Each line in the entries that has the word "Game" has to be copied.

> _Recorded information_

———

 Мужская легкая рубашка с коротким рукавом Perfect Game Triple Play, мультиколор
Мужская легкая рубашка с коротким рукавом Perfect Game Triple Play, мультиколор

———

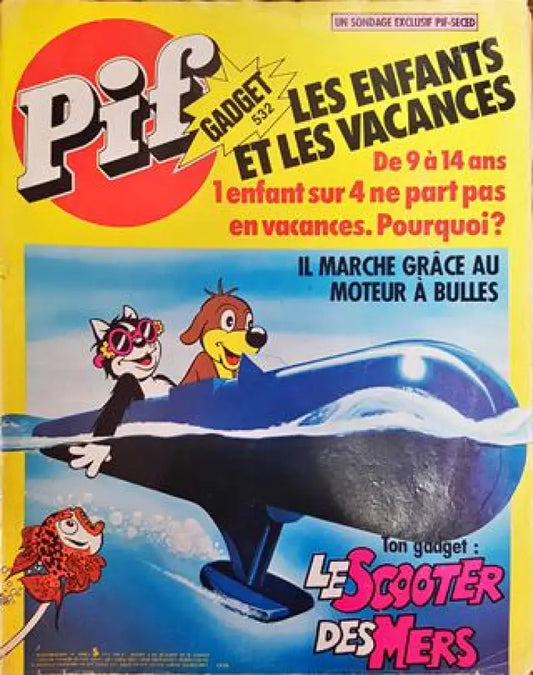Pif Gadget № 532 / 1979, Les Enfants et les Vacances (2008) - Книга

———

> _Task output_
 Мужская легкая рубашка с коротким рукавом Perfect Game Triple Play, мультиколор
Мужская легкая рубашка с коротким рукавом Perfect Game Triple Play, мультиколор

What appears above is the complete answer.